*** Opening Provided data ***

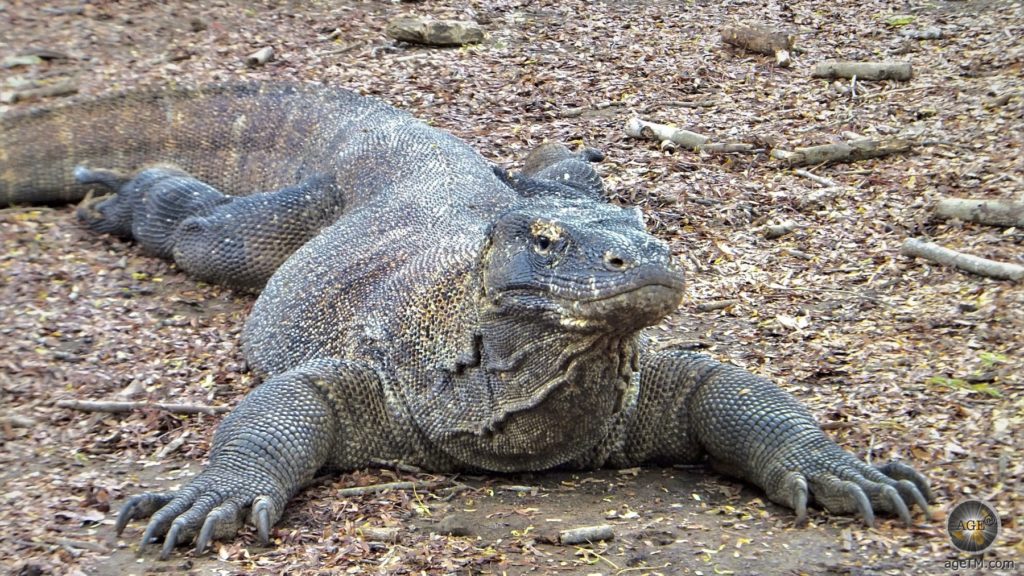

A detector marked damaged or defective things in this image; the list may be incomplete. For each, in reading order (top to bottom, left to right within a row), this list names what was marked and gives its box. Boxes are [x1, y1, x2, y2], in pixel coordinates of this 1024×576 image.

broken stick [716, 23, 794, 67]
broken stick [815, 60, 913, 81]
broken stick [618, 117, 757, 152]
broken stick [770, 137, 913, 166]
broken stick [937, 195, 1024, 225]
broken stick [901, 237, 1019, 280]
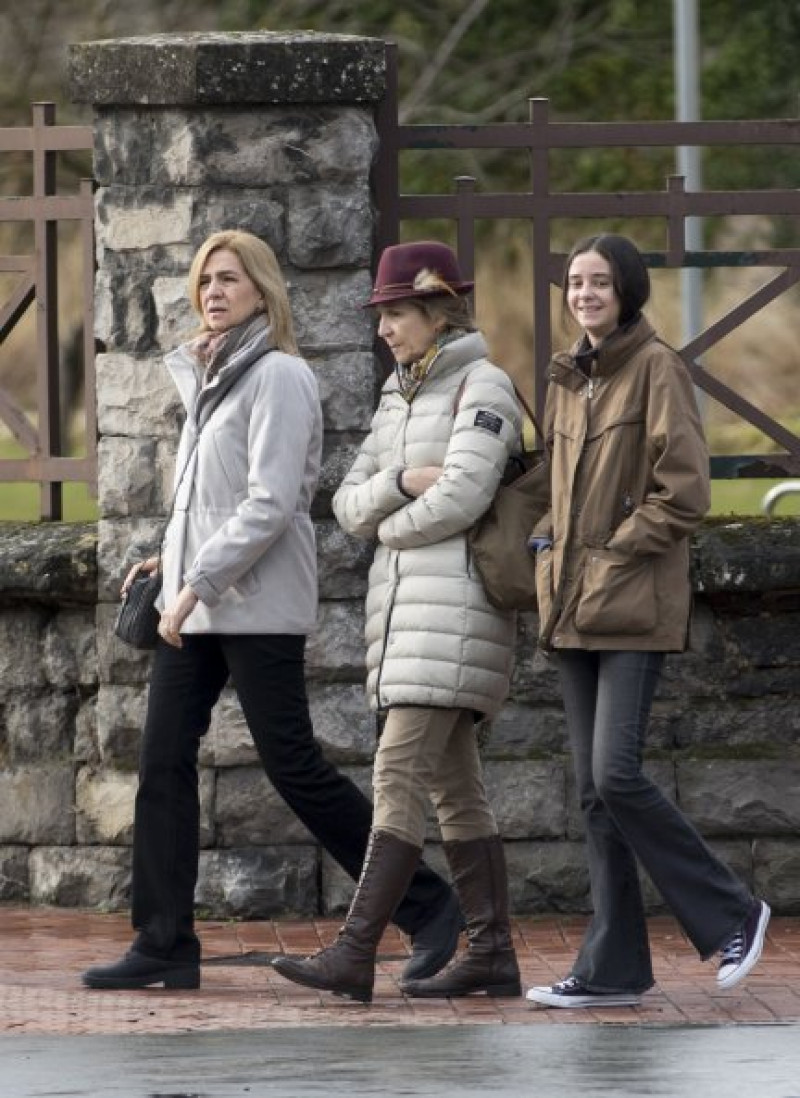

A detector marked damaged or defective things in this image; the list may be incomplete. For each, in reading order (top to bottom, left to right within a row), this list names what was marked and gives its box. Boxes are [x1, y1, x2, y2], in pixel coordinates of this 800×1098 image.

rusty metal fence [0, 103, 94, 518]
rusty metal fence [375, 45, 798, 478]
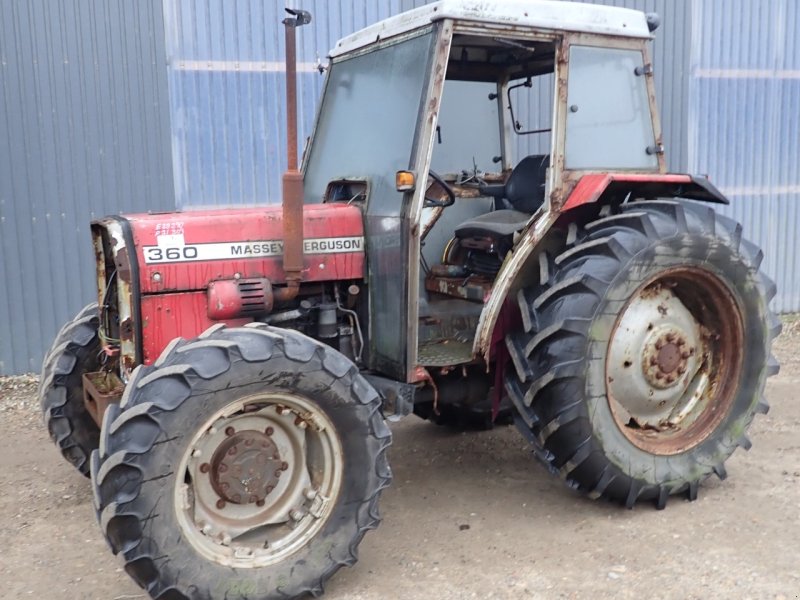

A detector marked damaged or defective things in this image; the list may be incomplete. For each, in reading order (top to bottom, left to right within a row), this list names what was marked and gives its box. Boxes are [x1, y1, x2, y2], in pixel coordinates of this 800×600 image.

rusty metal surface [82, 370, 125, 426]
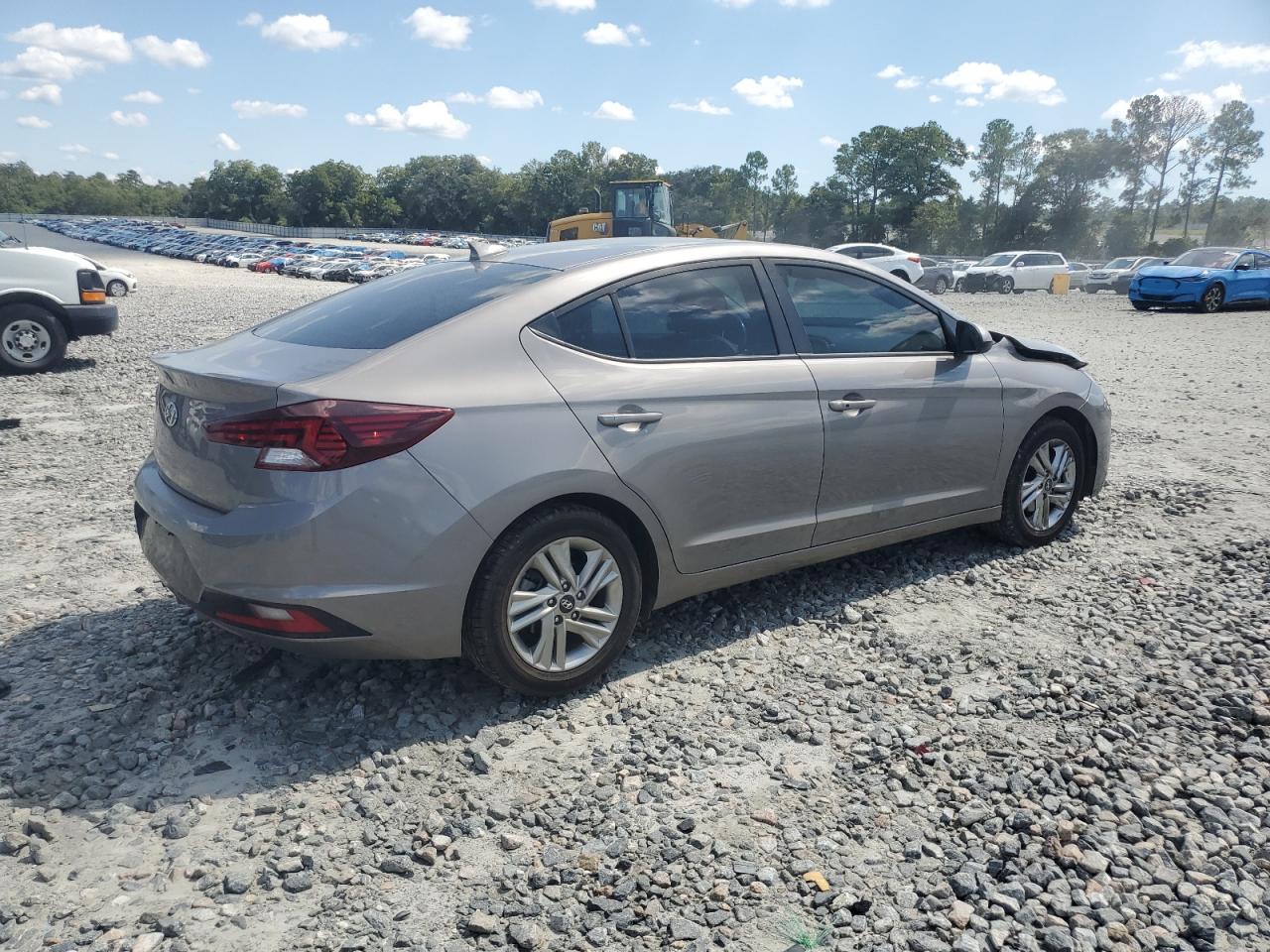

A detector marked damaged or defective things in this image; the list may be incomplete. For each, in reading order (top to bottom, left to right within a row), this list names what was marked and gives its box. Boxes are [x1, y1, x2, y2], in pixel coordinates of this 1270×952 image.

damaged car body [136, 239, 1112, 695]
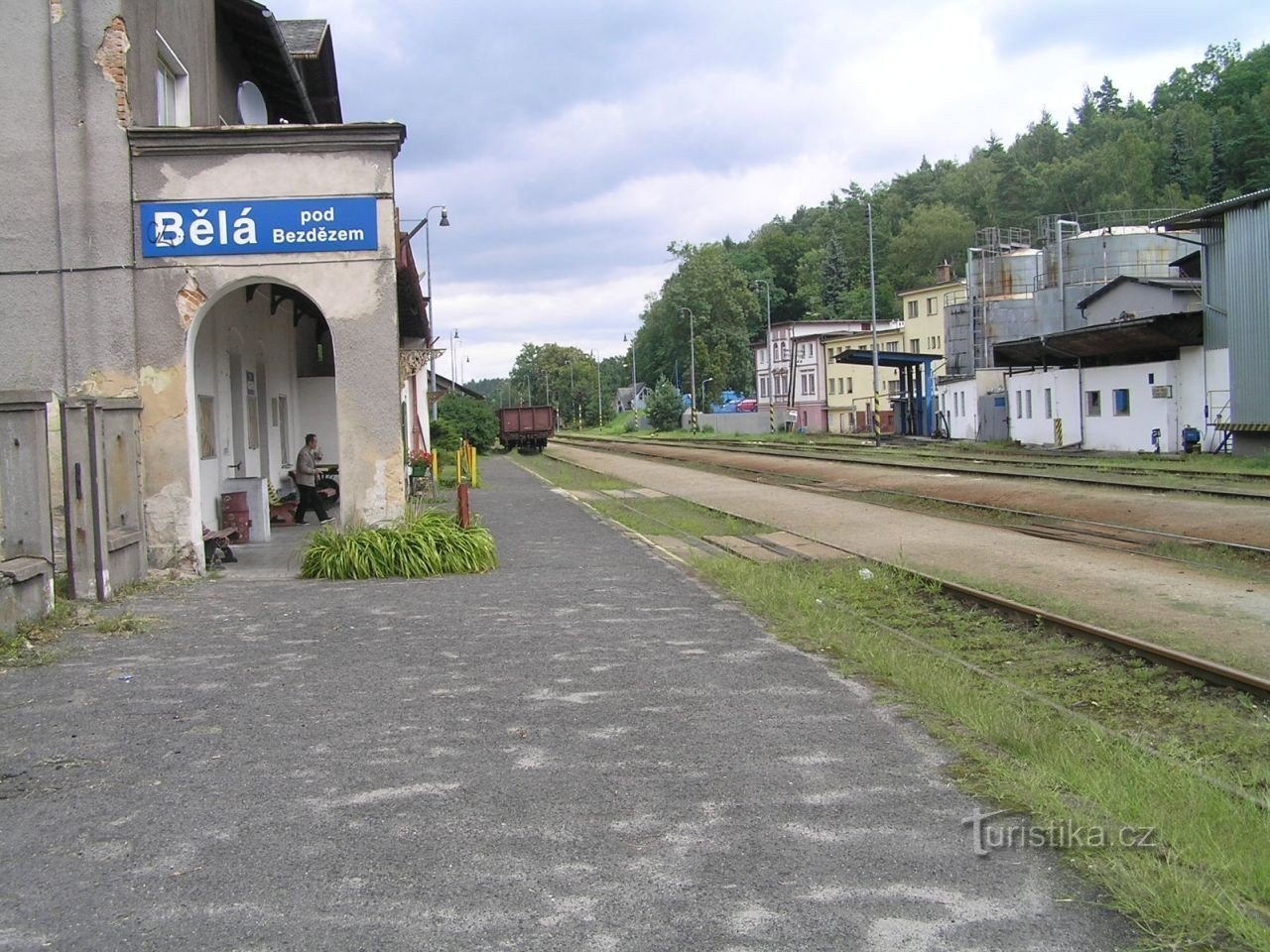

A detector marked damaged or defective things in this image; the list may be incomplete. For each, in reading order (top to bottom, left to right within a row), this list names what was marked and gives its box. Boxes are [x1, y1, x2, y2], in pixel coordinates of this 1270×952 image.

peeling plaster wall [132, 141, 406, 558]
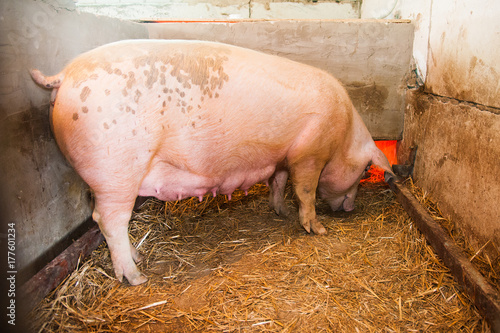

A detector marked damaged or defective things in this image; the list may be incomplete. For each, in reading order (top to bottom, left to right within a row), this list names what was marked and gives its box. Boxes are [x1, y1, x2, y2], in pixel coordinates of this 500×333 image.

rusty metal edge [20, 223, 104, 312]
rusty metal edge [390, 180, 500, 330]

*** Closing Provided data ***

Leaving out the pictures, print exactly and only the lines from the one containing "this 800×600 image." through the last line of the records.

=== Answer area ===
A detector marked damaged or defective things in this image; the list may be incomplete. For each, in reading order (top to bottom, left to right within a row), this list names what was marked and gives its box. Boxes are [x1, y1, x2, y2], in pixel coordinates of this 800×600 image.

rusty metal surface [82, 370, 125, 426]

A detector marked damaged or defective things in this image; the list may be incomplete. For each, in reading order (top to bottom, left to right within a row), this list names what was marked and gives its box. Boxes are [x1, y1, x2, y2], in pixel coordinates of this 1270×952 image.

damaged car body [136, 239, 1112, 695]

A detector marked damaged or defective things in this image; the list may be incomplete. For each, in reading order (top to bottom, left to right within a row), this list names what was marked and gives its box. Boxes are [x1, y1, x2, y2], in pixel coordinates of this 1270×952 image.

peeling plaster wall [132, 141, 406, 558]

A detector marked damaged or defective things in this image; the list may be incomplete. For each, in reading order (top to bottom, left to right within a row), this list names what was marked and gives its box. Boxes are [x1, y1, x2, y2], in pixel coordinates of this 500×333 image.

rusty metal edge [20, 223, 104, 312]
rusty metal edge [390, 180, 500, 330]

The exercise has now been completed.